Not sure if this really is required. Most cases in Go are served well by GoRouti...

masklinn · on July 17, 2023

Goroutines + channels add an enormous amount of overhead. Using them as iterators is basically insane.

rcme · on July 17, 2023

Why? Channels are already iterable using the range keyword.

    ch := make(chan int)
    go func() {
        for i := 0; i < 100; i += 1 {
            ch <- i
        }
        close(ch)
    }()

    for i := range ch {
        fmt.Println(i)
    }

That is very simple.

jerf · on July 17, 2023

"Enormous amount of overhead" is the operative phrase. In general, you want your concurrency operations to be significantly smaller than the payload of the operation. In the case of using channels as iterators with goroutines behind them, it works fine for something like a web page scraper, where the act of fetching a web page is enormously larger than a goroutine switch, but as a generalized iteration mechanism it's unusably expensive because a lot of iteration payloads are very small compared to a channel send.

I've encountered a lot of people who read that on /r/golang and then ask "well why are send operations so expensive", and it's not that. It's that a lot of iteration operations are on the order of single-digit cycles and often very easy to pipeline or predict. No concurrency primitive can keep up with that. A given send operation is generally fairly cheap but there are enough other things that are still an order or two of magnitude cheaper than even the cheapest send operation that if you block all those super cheap operations on a send you're looking at multiple factor of magnitude slowdowns. Such as you would experience with your code.

rcme · on July 17, 2023

But if your iteration is so fast then you don’t need a channel at all. Just use a plain for loop.

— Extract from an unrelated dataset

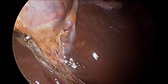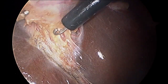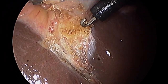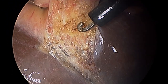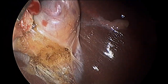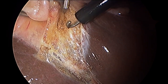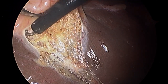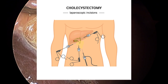Now the gallbladder has to be removed from the liver bed. Here's the hook cautery again — the electricity. There's tension from a grasper that's holding the gallbladder above, out of the view of the screen. This hook cautery sends a little current — you can use it hot like this with heat, or you can use it to push tissue out of the way. The grasper puts tension on the gallbladder between the gallbladder and the liver bed, so that the hook cautery can separate the gallbladder off the liver bed. It's done carefully and meticulously so as not to injure the liver.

zbentley · on July 17, 2023

Yes, that's exactly what the article is about: how we can model "plain for-loop" levels of performance in the presence of complex (intricate state at multiple levels and high potential for nesting iterators) code that is supplying the loop(s)

jerf · on July 18, 2023

Then you lose the separation of iteration from the looping construct.

You can use a function or a method, but you lose the nice continuation/generator ability to write a function that can do complicated yields without having to write the state machine yourself, plus you run a risk that the call won't inline in which case you're incurring non-trivial function call overhead.

The problem with iteration in Go isn't that you can't solve any given individual problem, the problem is that you can't solve all of them simultaneously the way you can in Rust or Python. (Though one of these days I want to get around to benchmarking Python's iteration versus Go channel-based iteration, I'm not actually sure which would win. What Go considers dangerously slow can still be baseline performance for other languages.) So you can get a defeat-in-detail sort of thing where a person cites a problem, and someone posts as solution to that, and then they cite another problem, and there's a solution for that, and then there's another problem, and a solution is posted for that, and all the solutions do indeed more-or-less solve the given problem... but you can't combine them into one.

wbl · on July 18, 2023

How do you solve the tree fringe problem with a for loop?

Jtsummers · on July 18, 2023

Since all recursive programs can be converted into iterative programs then you can "simply" (not always simple) convert recursive solutions like McCarthy's Lisp solution to a loop: https://dl.acm.org/action/showFmPdf?doi=10.1145%2F1045283 (page 5)

  (DE SAMEFRINGE (X Y)
         (OR (EQ X Y)
             (AND (NOT (ATOM X))
                  (NOT (ATOM Y))
                  (SAME (GOPHER X) (GOPHER Y)))))

  (DE SAME (X Y)
         (AND (EQ (CAR X) (CAR Y))
              (SAMEFRINGE (CDR X) (CDR Y))))

  (DE GOPHER (U)
         (COND ((ATOM (CAR U)) U)
               (T (GOPHER (CONS (CAAR U)
                                (CONS (CDAR U) (CDR U)))))))

Coroutines are not necessary for solving that problem (though they do offer a neat solution to it).

wbl · on July 20, 2023

The results of that conversion are not fun

t8sr · on July 17, 2023

Aside from the massive performance penalty, cache thrashing and context switching, this code will also leak a goroutine (and so, memory) if you don't finish receiving from `ch`. It's more brittle, longer to write, less local and in every other way worse than a for loop. Why would you ever do it?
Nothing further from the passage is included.